§ **Required work**
All of the data must be output exactly, with every picture left out.

§ **Given material**
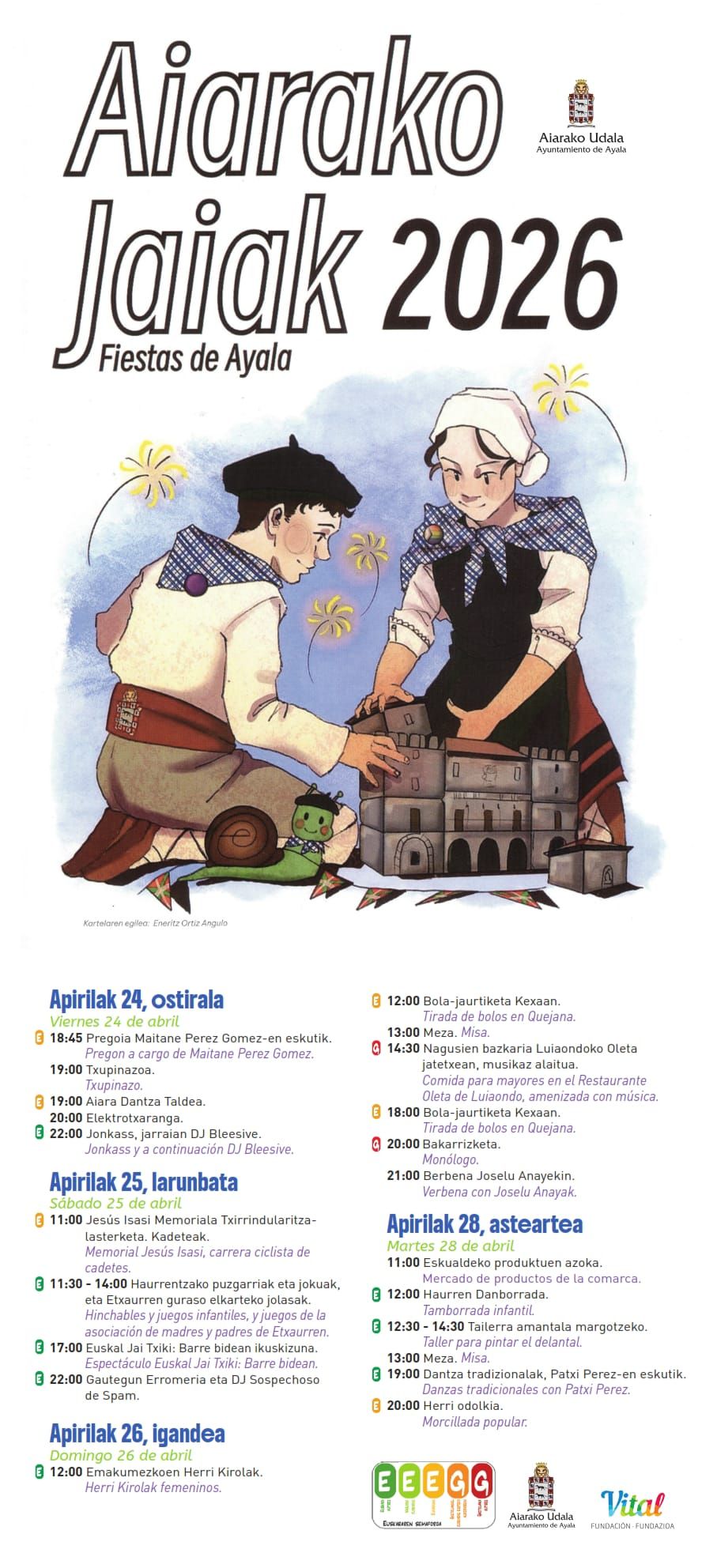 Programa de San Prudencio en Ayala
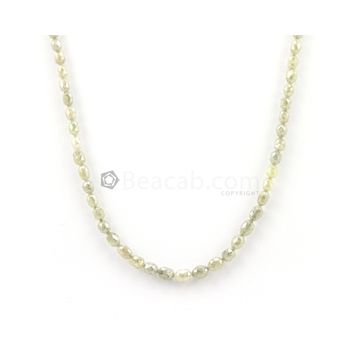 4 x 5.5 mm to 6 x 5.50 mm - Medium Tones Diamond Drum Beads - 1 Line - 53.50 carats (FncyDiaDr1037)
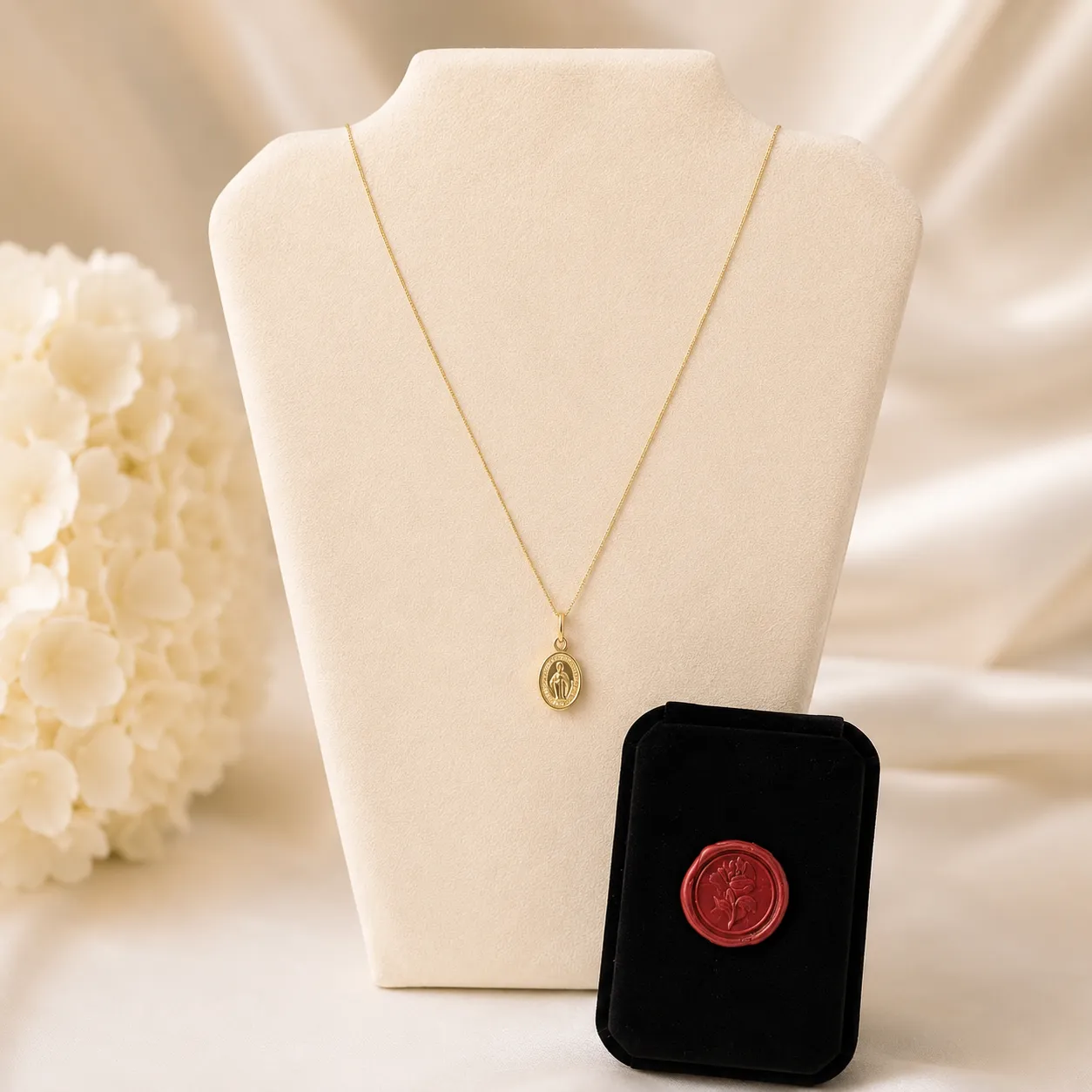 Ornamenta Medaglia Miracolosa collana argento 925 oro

§ **Reply to the task**
 Programa de San Prudencio en Ayala
 4 x 5.5 mm to 6 x 5.50 mm - Medium Tones Diamond Drum Beads - 1 Line - 53.50 carats (FncyDiaDr1037)
 Ornamenta Medaglia Miracolosa collana argento 925 oro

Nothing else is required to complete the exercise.